Roundup: 7 NY DAs write op-ed for child trauma prevention; LA changes punitive approach to truancy; Calgary, Canada, getting grip on DV

The district attorneys of Queens, Richmond, Onondaga, Monroe, Kings, Bronx and New York counties wrote an op-ed in the New York Daily News supporting NYC Mayor Michael Bloomberg’s request to the state for $5 million for the Nurse Family Partnership Program to help prevent child abuse. In New York, 77,000 children were abused or neglected in 2010. In part, the op-ed said: “Decades of research, beginning in Elmira, N.Y. in 1976, have demonstrated that mothers who volunteered to receive the home visiting service were half as likely to abuse or neglect their

kids compared to similar mothers who did not participate. Children whose mothers did not participate had more than twice as many convictions by age 19, concentrated among the females.”

In another example of how taking a solution-oriented approach trumps a punitive approach, the Los Angeles City Council changed its student daytime truancy law so that kids on their way to school aren’t hit with a ticket within the first 90 minutes of class, according to Krissy Clark’s report on NPR. Over five years, truancy officers wrote 47,000 tickets, each of which could be as much as $350. When they’re ticketed, kids can be handcuffed and searched.
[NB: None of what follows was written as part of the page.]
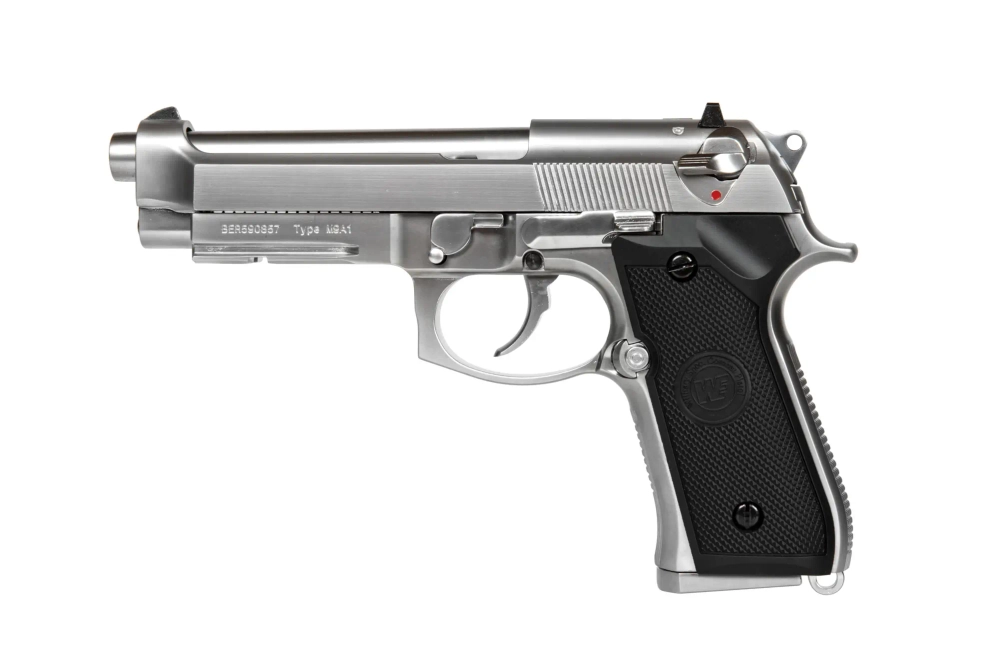 Replika pistole M92 Chrome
Blacks and Latinos received a disproportionate amount, and most tickets were written in low-income neighborhoods. Manuel Criollo, an organizer with L.A.’s Community Rights Campaign, discovered that cops were hanging out a bus stops to ticket students who were a few minutes late for class, even after a 45-minute two bus-ride commute. Under the new system, fines will be waived for the first two tickets, and counselors will be required to work with students to find solutions to get to class on time.
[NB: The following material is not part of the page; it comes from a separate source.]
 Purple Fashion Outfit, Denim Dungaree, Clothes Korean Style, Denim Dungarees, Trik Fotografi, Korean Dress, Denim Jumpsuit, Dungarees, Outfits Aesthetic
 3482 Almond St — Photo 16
People in Calgary, Canada, believe they’re finally turning the tide on reducing domestic violence, 12 years after a special court was set up, according to Jason Van Rassel in the Calgary Herald. Although the number of complaints went up last year — to 16,500 from 15,789 in 2010 — the number of criminal charges decreased and recidivism rates are 30 percent of what they used to be. HomeFront Calgary is the coalition of police, prosecutors and local agencies behind the court, which offers “treatment to perpetrators who are willing to change and jailing the ones who aren’t, while at the same time ensuring shelter, protection and support for victims and children.”